> [Assignment]: Only the lines below from the one that holds "10858 Sabre Hill" through the one that holds "7881 Salt Springs Rd, Fayetteville, NY 13066" should appear in the answer, copied exactly, end lines included and pictures omitted.

> [Exercise data]:
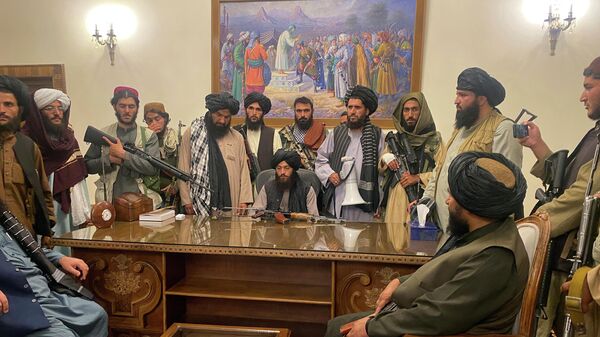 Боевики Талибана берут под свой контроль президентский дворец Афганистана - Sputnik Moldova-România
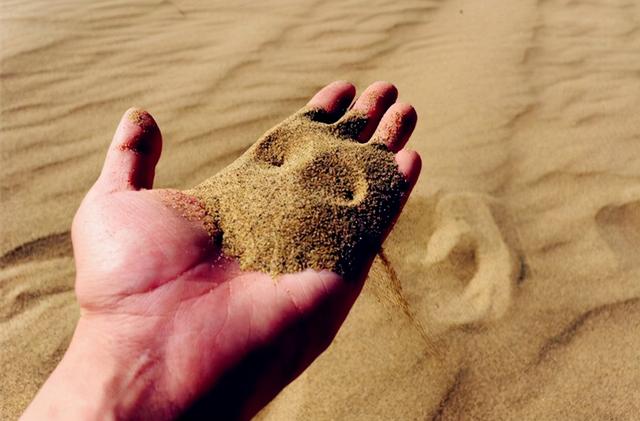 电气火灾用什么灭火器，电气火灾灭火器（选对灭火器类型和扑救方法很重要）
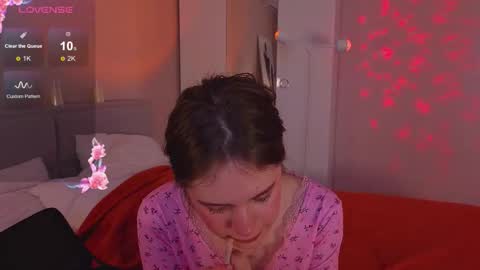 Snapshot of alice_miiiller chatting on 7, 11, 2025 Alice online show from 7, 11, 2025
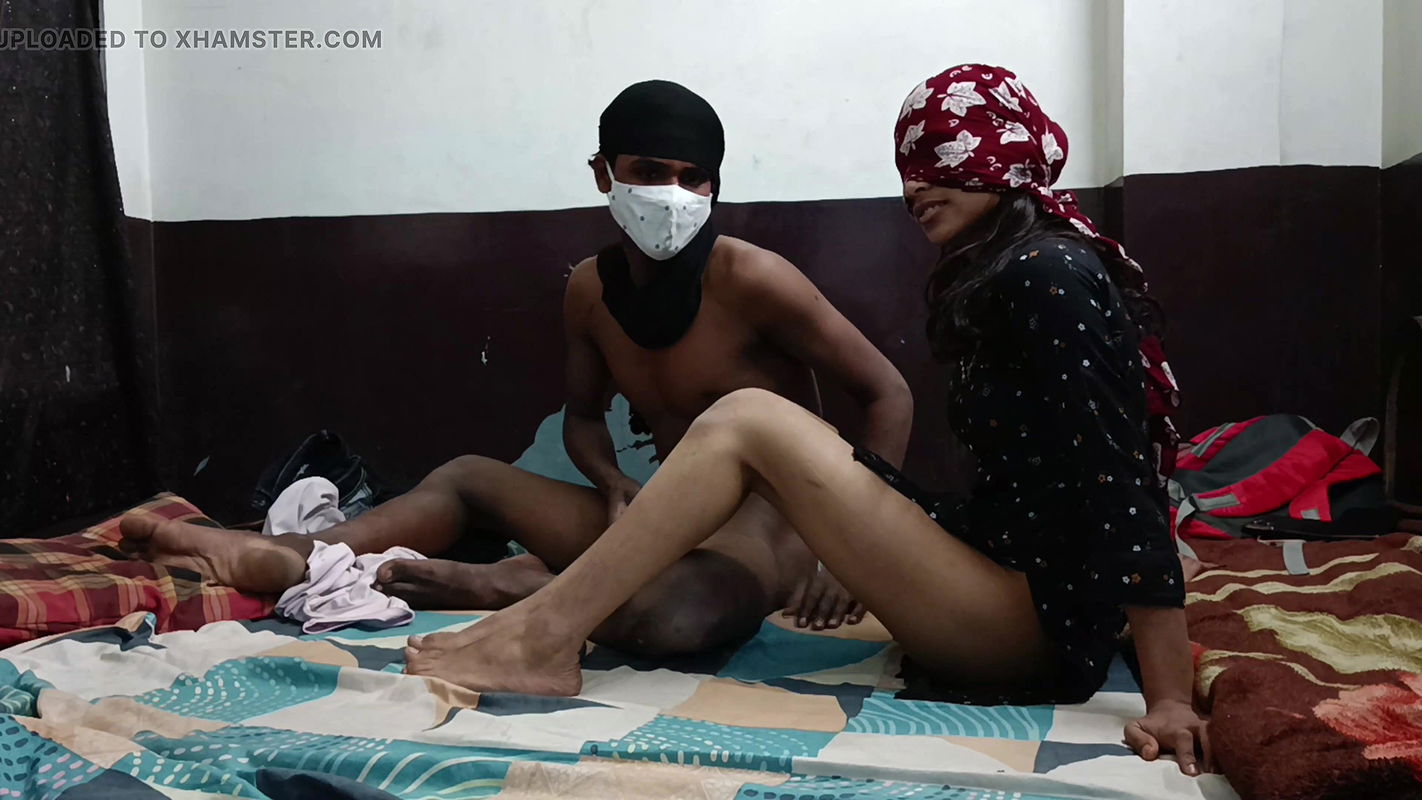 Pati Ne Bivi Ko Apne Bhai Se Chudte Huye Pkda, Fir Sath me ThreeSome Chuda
...
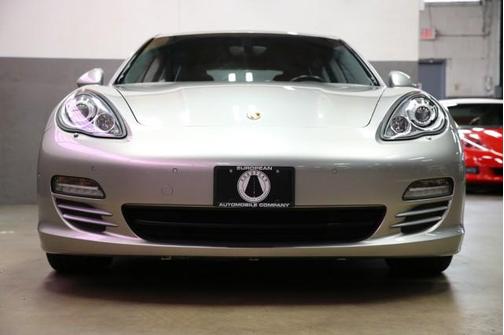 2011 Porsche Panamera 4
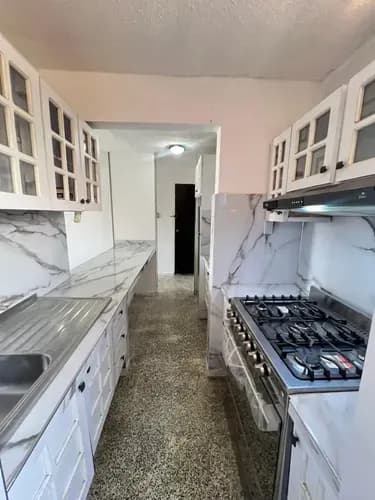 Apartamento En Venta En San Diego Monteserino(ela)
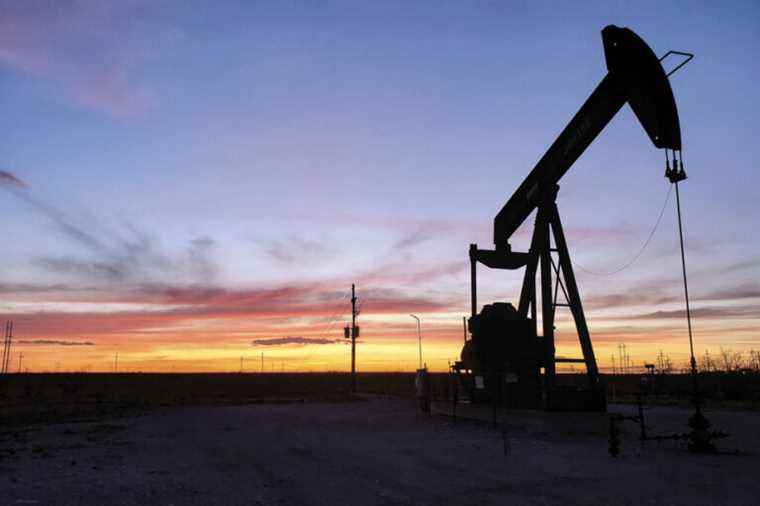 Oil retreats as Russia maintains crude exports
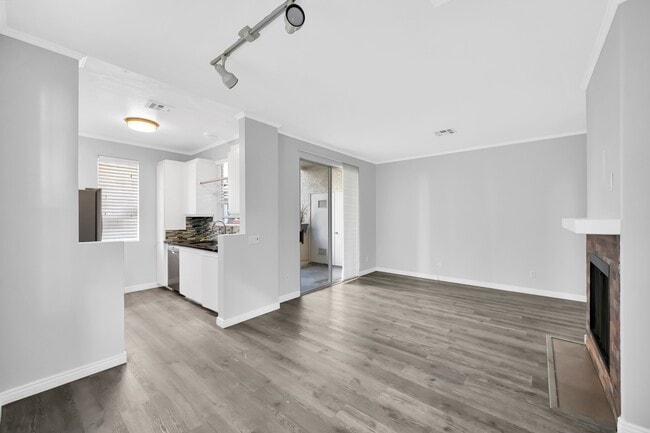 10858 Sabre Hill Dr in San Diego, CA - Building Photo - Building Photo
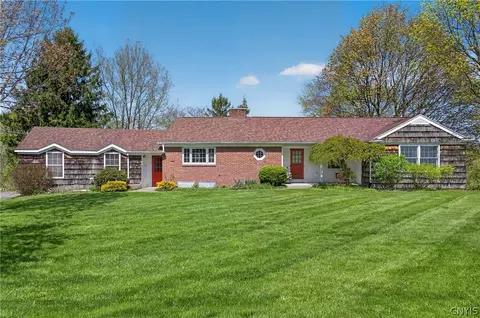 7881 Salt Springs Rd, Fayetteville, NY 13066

> [Worked solution]:
 10858 Sabre Hill Dr in San Diego, CA - Building Photo - Building Photo
 7881 Salt Springs Rd, Fayetteville, NY 13066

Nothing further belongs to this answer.